- Materials provided -

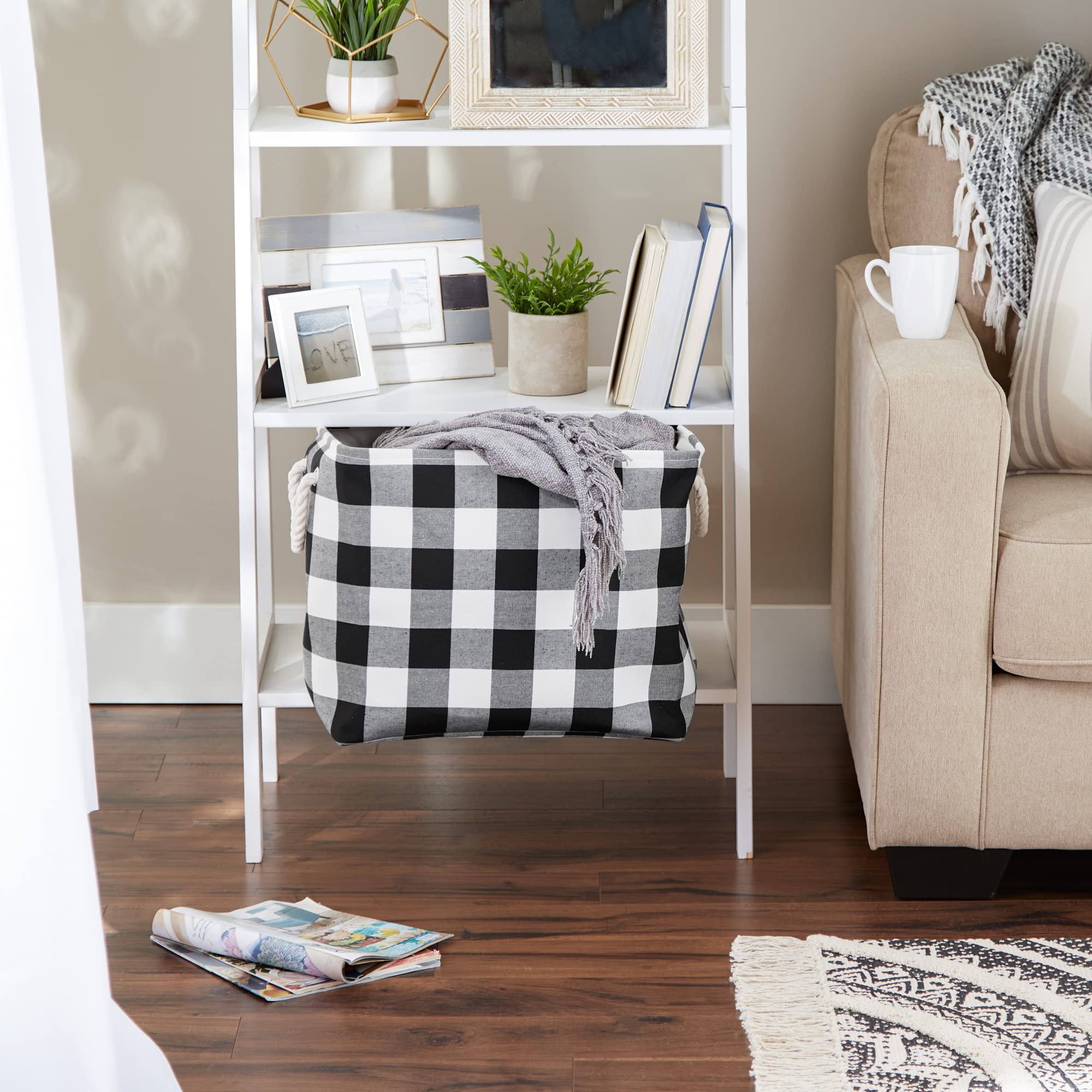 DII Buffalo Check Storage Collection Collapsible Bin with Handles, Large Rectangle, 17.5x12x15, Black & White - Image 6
---
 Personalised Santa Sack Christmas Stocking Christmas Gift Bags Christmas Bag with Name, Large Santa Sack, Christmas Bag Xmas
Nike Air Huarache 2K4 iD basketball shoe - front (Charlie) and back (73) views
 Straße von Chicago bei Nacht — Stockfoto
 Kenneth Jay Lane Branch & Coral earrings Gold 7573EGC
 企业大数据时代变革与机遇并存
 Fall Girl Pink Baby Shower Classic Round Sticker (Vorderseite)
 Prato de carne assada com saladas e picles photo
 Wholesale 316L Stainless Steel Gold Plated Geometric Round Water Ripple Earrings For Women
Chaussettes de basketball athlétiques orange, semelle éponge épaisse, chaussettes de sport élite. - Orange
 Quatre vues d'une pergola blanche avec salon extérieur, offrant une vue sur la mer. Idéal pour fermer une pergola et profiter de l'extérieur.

- Assignment -
For the lines above, output exactly those from the line containing "Chaussettes de basketball" through the line containing "Quatre vues d'une", and skip the others.

- Answer below -
Chaussettes de basketball athlétiques orange, semelle éponge épaisse, chaussettes de sport élite. - Orange
 Quatre vues d'une pergola blanche avec salon extérieur, offrant une vue sur la mer. Idéal pour fermer une pergola et profiter de l'extérieur.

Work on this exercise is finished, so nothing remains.